O chefe da Cancillería (espécie do Itamaraty brasileiro) e Assuntos Políticos da Embaixada, Roberto Canseco, estava dentro do prédio quando a polícia invadiu. “Arriscando a minha vida defendi a honra e a soberania do meu país. Isso não pode ser, é incrível que algo assim tenha acontecido. Estou muito preocupado que eles possam matá-lo [Glas]. Não há base para fazer isso. Estávamos prestes a sair e de repente nos deparamos com policiais, ladrões que entraram na Embaixada à noite”, disse.

O presidente do México anunciou, quase imediatamente, o rompimento das relações com o Equador. “Esta é uma violação flagrante do direito internacional e da soberania do México, razão pela qual instruí o nosso chanceler a emitir uma declaração sobre este ato autoritário, proceder legalmente e declarar imediatamente a suspensão das relações diplomáticas com o governo.” do Equador, ”, escreveu López Obrador nas redes sociais.

A secretária mexicana das Relações Exteriores, Alicia Bárcena , acrescentou que o direito ao asilo é sagrado e pediu a todo o seu pessoal diplomático que abandonasse o país. O México irá ao Tribunal Internacional de Justiça para “denunciar a responsabilidade do Equador pelas violações do direito internacional”. A Convenção de Viena estabelece que as embaixadas são territórios de soberania nacional e invioláveis.

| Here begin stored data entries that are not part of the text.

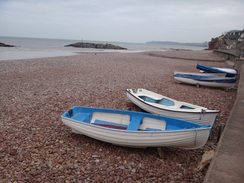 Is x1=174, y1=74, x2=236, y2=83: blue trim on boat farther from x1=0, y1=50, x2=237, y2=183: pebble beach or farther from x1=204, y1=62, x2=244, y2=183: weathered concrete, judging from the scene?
x1=204, y1=62, x2=244, y2=183: weathered concrete

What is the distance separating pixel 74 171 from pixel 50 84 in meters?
8.98

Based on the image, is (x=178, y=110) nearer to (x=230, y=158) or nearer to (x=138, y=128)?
(x=138, y=128)

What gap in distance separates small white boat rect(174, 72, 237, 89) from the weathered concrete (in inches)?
274

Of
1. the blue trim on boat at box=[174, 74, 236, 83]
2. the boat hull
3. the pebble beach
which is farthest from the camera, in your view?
the boat hull

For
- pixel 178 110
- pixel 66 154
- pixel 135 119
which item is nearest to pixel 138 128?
pixel 135 119

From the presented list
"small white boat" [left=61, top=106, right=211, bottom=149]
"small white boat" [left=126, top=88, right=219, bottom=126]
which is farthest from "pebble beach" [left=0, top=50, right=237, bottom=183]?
"small white boat" [left=126, top=88, right=219, bottom=126]

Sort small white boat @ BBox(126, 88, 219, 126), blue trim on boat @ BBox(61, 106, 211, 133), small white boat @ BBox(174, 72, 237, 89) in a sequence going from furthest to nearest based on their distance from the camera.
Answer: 1. small white boat @ BBox(174, 72, 237, 89)
2. small white boat @ BBox(126, 88, 219, 126)
3. blue trim on boat @ BBox(61, 106, 211, 133)

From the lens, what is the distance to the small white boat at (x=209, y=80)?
478 inches

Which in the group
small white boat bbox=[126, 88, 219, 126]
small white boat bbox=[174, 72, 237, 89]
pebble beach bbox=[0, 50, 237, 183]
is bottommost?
pebble beach bbox=[0, 50, 237, 183]

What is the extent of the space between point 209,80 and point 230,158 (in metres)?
9.47

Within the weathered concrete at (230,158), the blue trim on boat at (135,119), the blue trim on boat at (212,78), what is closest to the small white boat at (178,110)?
the weathered concrete at (230,158)

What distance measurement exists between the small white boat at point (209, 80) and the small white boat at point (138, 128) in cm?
819

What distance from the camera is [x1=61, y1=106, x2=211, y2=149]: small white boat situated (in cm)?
480

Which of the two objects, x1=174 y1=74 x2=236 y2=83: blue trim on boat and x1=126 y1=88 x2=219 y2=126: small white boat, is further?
x1=174 y1=74 x2=236 y2=83: blue trim on boat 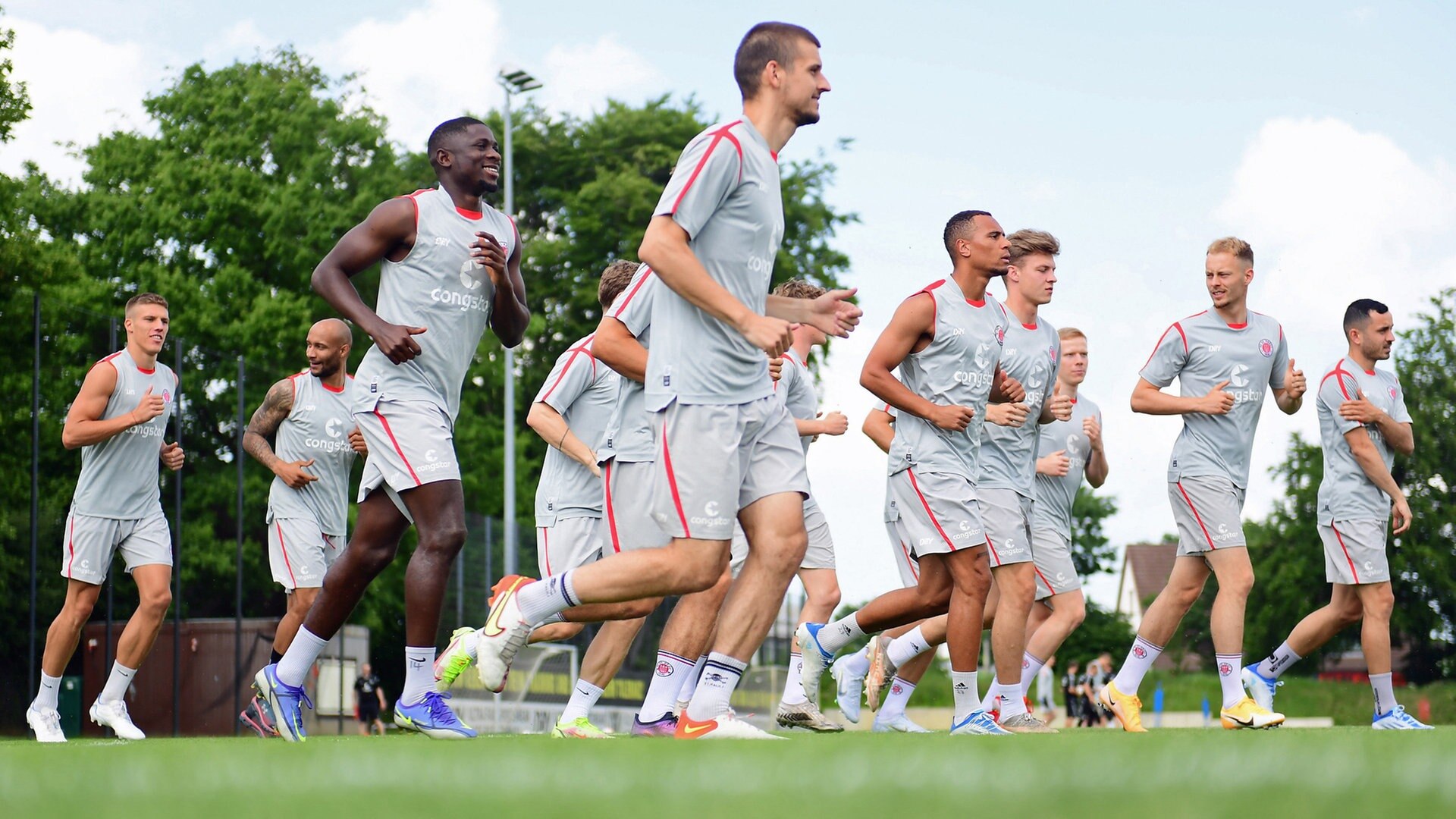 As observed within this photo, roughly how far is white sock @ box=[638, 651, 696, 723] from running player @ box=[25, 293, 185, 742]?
4350 millimetres

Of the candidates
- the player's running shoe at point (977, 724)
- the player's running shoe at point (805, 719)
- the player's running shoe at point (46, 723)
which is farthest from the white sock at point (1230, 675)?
the player's running shoe at point (46, 723)

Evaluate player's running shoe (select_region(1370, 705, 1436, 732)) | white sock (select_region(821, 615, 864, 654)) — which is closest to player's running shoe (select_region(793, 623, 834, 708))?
white sock (select_region(821, 615, 864, 654))

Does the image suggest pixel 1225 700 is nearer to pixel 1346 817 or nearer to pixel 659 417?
pixel 659 417

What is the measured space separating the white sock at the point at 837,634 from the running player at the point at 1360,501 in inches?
121

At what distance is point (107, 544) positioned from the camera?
10086 millimetres

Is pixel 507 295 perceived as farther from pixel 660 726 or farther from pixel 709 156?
pixel 660 726

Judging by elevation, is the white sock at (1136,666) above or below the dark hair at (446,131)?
below

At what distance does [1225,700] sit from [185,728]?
11.5 m

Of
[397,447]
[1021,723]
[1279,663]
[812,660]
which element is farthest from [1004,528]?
[397,447]

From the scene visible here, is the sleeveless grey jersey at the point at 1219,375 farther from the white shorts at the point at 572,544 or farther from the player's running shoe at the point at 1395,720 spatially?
the white shorts at the point at 572,544

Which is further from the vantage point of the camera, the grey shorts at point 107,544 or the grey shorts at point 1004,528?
the grey shorts at point 107,544

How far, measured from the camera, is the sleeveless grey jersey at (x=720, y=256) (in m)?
5.89

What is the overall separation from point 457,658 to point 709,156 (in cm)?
223

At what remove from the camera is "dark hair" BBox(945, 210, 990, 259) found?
883 centimetres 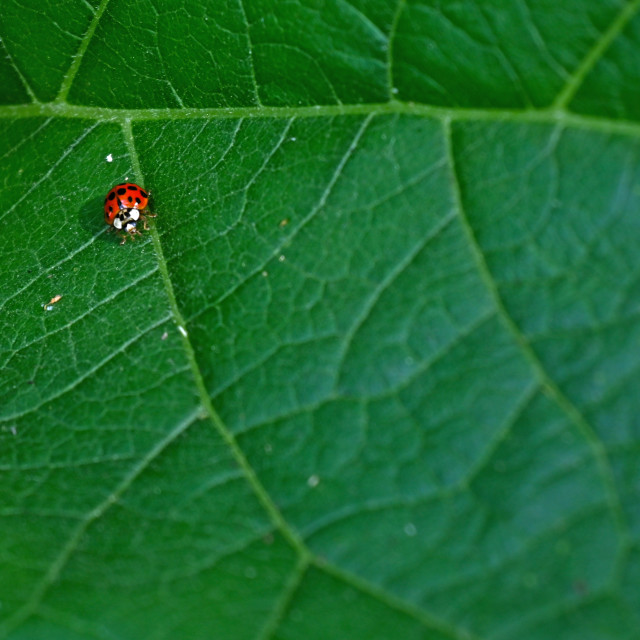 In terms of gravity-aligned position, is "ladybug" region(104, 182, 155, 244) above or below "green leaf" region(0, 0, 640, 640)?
above

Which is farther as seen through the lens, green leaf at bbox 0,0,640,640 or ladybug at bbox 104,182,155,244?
ladybug at bbox 104,182,155,244

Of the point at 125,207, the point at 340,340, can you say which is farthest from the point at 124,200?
the point at 340,340

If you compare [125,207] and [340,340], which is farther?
[125,207]

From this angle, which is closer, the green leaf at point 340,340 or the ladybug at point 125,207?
the green leaf at point 340,340

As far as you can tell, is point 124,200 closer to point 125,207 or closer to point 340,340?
point 125,207

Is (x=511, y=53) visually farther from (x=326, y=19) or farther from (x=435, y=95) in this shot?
(x=326, y=19) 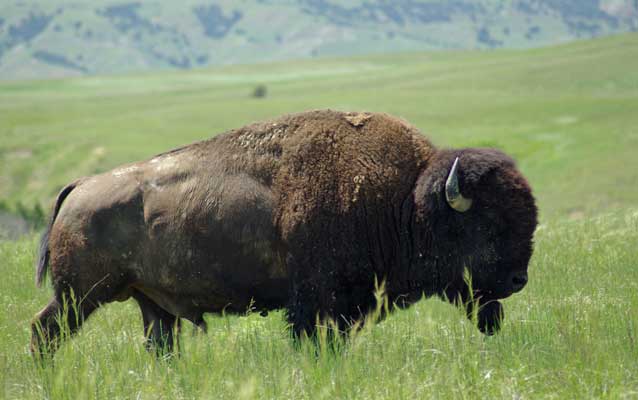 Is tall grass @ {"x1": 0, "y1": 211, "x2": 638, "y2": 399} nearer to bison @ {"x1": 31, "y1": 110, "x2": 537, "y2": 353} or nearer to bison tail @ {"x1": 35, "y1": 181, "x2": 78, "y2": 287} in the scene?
bison @ {"x1": 31, "y1": 110, "x2": 537, "y2": 353}

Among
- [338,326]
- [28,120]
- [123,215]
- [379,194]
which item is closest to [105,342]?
[123,215]

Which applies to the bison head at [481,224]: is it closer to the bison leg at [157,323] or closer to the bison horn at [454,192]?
the bison horn at [454,192]

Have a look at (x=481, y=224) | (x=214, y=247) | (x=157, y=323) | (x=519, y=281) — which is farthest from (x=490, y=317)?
(x=157, y=323)

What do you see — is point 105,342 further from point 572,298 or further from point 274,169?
point 572,298

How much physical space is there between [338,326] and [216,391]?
1680 mm

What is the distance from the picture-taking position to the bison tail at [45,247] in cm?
713

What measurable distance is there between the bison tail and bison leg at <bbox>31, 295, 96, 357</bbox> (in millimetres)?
307

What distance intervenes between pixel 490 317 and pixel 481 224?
0.74 m

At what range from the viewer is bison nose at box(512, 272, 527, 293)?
672 cm

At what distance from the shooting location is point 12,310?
790cm

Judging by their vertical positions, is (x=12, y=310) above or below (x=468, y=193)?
below

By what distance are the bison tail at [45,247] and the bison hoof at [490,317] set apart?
3.50 metres

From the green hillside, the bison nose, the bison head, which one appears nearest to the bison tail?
the bison head

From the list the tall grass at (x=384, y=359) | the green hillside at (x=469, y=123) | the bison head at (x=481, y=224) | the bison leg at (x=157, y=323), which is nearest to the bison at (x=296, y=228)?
the bison head at (x=481, y=224) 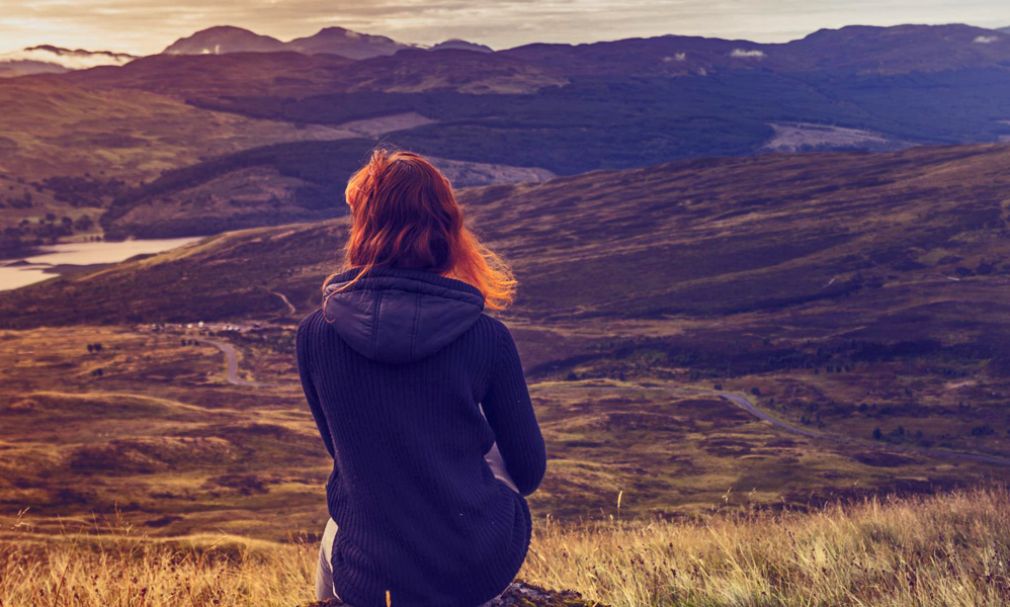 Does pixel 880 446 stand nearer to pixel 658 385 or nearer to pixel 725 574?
pixel 658 385

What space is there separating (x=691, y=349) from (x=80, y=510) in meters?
76.3

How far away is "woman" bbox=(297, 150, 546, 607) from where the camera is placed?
4609 mm

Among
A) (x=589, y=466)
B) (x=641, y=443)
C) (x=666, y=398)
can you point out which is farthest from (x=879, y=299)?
(x=589, y=466)

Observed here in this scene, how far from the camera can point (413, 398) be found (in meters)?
4.66

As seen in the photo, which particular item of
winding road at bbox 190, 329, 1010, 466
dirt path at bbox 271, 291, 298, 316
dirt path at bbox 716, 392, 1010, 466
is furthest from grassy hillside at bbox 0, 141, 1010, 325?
dirt path at bbox 716, 392, 1010, 466

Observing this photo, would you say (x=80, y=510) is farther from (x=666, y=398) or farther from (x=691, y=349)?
(x=691, y=349)

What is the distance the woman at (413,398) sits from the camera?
4.61 m

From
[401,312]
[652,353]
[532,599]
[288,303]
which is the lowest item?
[288,303]

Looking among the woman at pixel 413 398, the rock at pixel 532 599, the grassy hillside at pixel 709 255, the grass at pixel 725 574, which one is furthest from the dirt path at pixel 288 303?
the woman at pixel 413 398

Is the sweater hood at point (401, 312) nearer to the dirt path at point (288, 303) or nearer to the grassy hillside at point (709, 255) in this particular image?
the grassy hillside at point (709, 255)

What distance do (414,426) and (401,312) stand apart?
0.57m

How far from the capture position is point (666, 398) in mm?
90312

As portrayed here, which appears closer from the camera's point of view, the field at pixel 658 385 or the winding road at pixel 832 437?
the field at pixel 658 385

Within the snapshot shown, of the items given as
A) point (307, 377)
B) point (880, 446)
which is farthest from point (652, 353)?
point (307, 377) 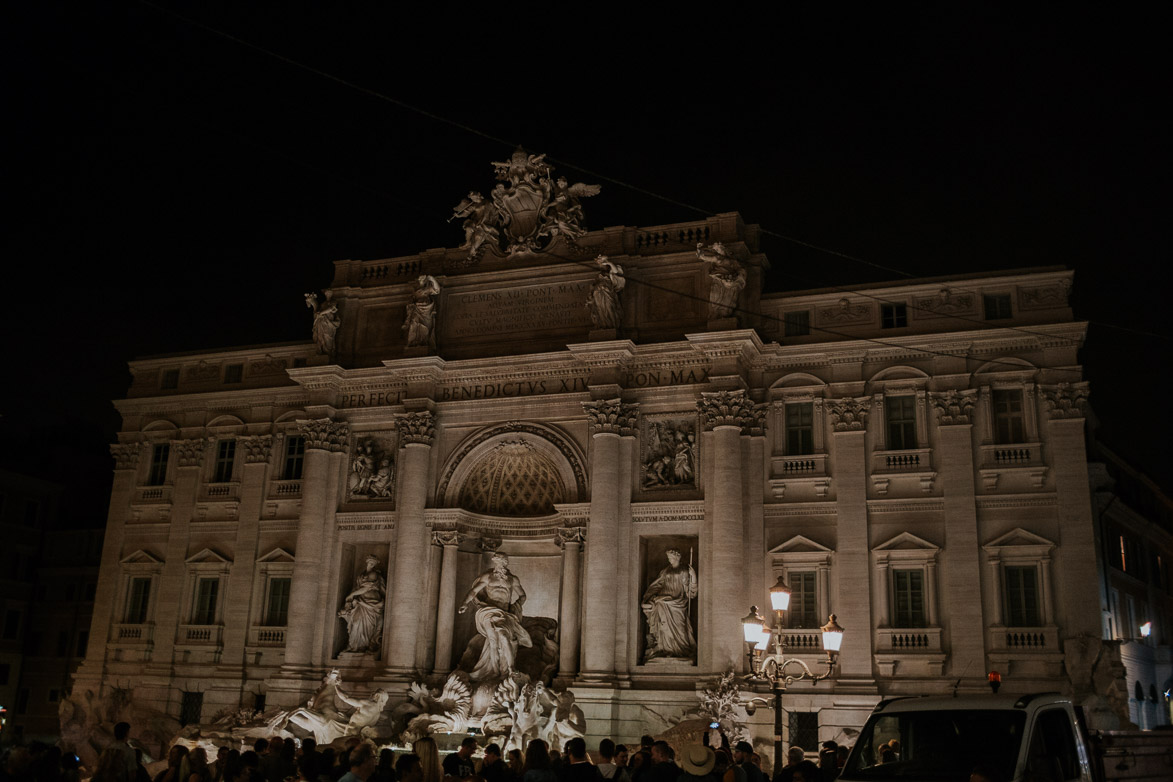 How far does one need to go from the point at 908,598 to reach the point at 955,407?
5.22 metres

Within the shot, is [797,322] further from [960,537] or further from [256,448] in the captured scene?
[256,448]

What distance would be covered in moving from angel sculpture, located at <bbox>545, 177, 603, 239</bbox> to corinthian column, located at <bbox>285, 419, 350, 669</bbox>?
9333 millimetres

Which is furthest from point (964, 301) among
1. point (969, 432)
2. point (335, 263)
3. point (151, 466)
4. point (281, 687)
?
point (151, 466)

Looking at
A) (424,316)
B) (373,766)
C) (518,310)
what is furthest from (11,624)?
(373,766)

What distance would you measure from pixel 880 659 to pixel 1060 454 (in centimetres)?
697

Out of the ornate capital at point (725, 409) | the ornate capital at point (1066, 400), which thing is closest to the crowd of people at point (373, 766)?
the ornate capital at point (725, 409)

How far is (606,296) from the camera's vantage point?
3170cm

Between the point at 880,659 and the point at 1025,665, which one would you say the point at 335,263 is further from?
the point at 1025,665

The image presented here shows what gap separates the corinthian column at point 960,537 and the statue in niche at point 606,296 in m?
9.26

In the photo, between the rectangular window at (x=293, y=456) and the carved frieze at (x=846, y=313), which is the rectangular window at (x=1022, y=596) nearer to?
the carved frieze at (x=846, y=313)

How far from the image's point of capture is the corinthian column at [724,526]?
28.0 m

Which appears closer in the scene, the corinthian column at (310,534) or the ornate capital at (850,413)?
the ornate capital at (850,413)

O chefe do Itamaraty e Assuntos Políticos da Embaixada do México, Roberto Canseco, lutou com a polícia do lado de fora da Embaixada na sexta-feira.
O chefe da Cancillería e Assuntos Políticos da Embaixada do México, Roberto Canseco, lutou com a polícia do lado de fora da Embaixada na sexta-feira. JOSÉ JACOME (EFE)
Glas, vice-presidente de Correa , refugiava-se na Embaixada do México para evitar voltar a ser preso – já cumpriu cinco anos – por dois casos de corrupção em que esteve envolvido. O próprio Correa está em asilo na Bélgica devido a outra sentença contra ele. O correismo afirma que se trata de dois casos de lawfare , a perseguição judicial levada a cabo por políticos governantes contra os seus oponentes. A tensão entre o México e o Equador acelerou esta semana depois que o Governo Noboa declarou a embaixadora mexicana, Raquel Serur, persona non grata , e ordenou a sua expulsão, em resposta a algumas declarações controversas de López Obrador nas quais sugeria que o assassinato do candidato equatoriano Fernando Villavicencio facilitou a vitória de Noboa nas eleições de 2023. O México reagiu concedendo o estatuto de asilo político a Glas, que aguardava uma autorização especial que lhe permitiria sair do país. O Governo Noboa recusou categoricamente e argumentou que este asilo era ilegal. O próximo passo foi o assalto à Embaixada, que prejudicou ao máximo a relação com o México e certamente com outros países da região que não se sentirão confortáveis ​​com uma medida de força como esta.

 

Jornalistas gravam policiais ao entrarem na Embaixada do México.
Jornalistas gravam policiais ao entrarem na Embaixada do México.JOSÉ JACOME (EFE)
Os dois protagonistas desta luta diplomática não poderiam ser mais diferentes. López Obrador esteve em cargos eleitos durante toda a sua vida e passou por vários partidos políticos de esquerda até fundar o seu próprio e torná-lo o partido maioritário no México. A política em letras maiúsculas tem sido a força motriz da sua vida. Noboa , filho do empresário mais rico do país, nem imaginava que poderia vencer as eleições presidenciais há meio ano, mas uma série de acontecimentos durante a campanha, como o assassinato do candidato Fernando Villavicencio, criaram um clima favorável ao seu redor. que o catapultou para a cadeira de comando no Equador. Nos últimos meses, ele seguiu as políticas duras que deram tão bons resultados a Nayib Bukele em El Salvador em termos de segurança contra gangues. Embora haja algo relacionado a Noboa e López Obrador: a grande popularidade que possuem. O mexicano tem boas chances de colocar no cargo alguém de sua confiança quando sair este ano, e Noboa, se tudo continuar no mesmo caminho, vencerá novamente as eleições em 2025. O correismo gostaria de chegar ao poder para rever os casos de Correa e Glas, mas agora Noboa está no caminho.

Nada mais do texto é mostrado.